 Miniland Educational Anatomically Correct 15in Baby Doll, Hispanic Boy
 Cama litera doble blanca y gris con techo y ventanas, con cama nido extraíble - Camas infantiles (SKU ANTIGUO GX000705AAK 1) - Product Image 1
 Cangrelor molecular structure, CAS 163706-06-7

++++++++++

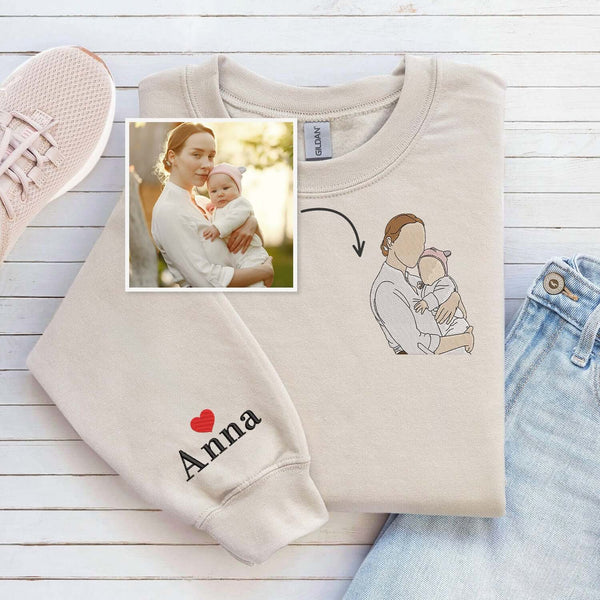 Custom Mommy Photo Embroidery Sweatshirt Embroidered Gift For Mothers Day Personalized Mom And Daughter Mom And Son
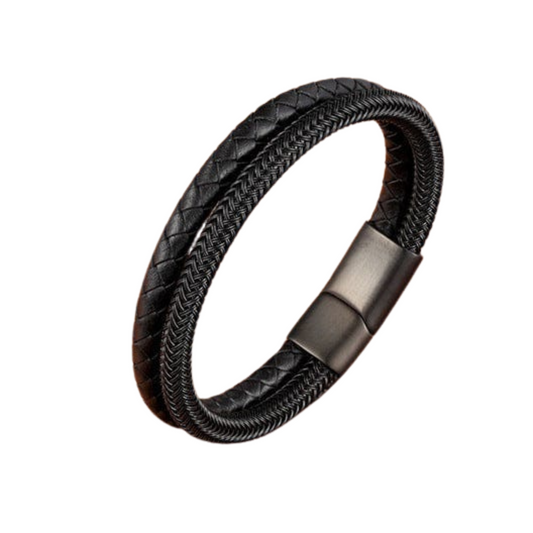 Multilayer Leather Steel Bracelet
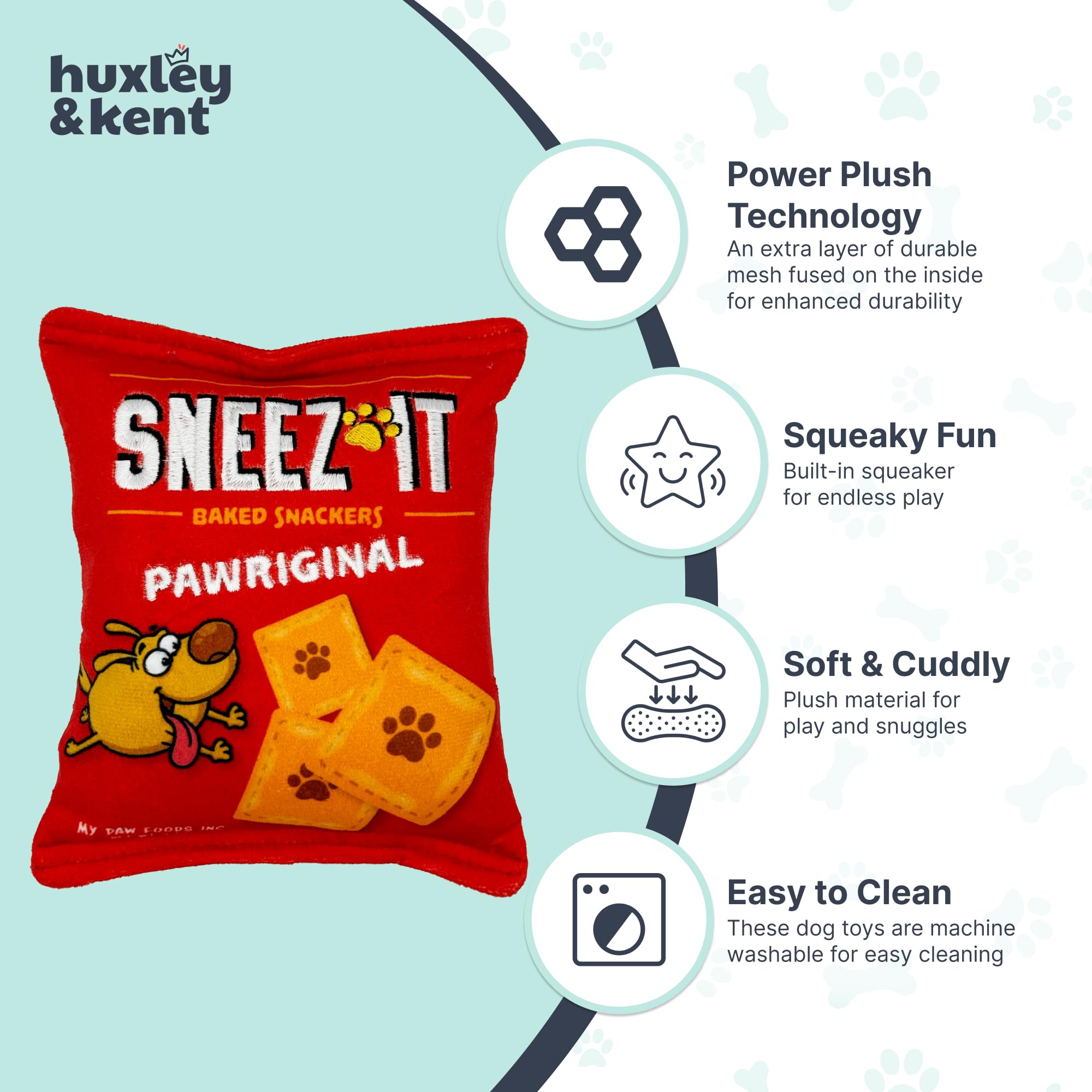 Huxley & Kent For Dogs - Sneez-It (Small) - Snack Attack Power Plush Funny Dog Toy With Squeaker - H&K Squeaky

++++++++++

Above are some records; quote exactly and only the lines that begin at the line containing "Custom Mommy Photo" and stop after the line containing "Huxley & Kent", leaving out the pictures.

> **Result for this exercise**
 Custom Mommy Photo Embroidery Sweatshirt Embroidered Gift For Mothers Day Personalized Mom And Daughter Mom And Son
 Multilayer Leather Steel Bracelet
 Huxley & Kent For Dogs - Sneez-It (Small) - Snack Attack Power Plush Funny Dog Toy With Squeaker - H&K Squeaky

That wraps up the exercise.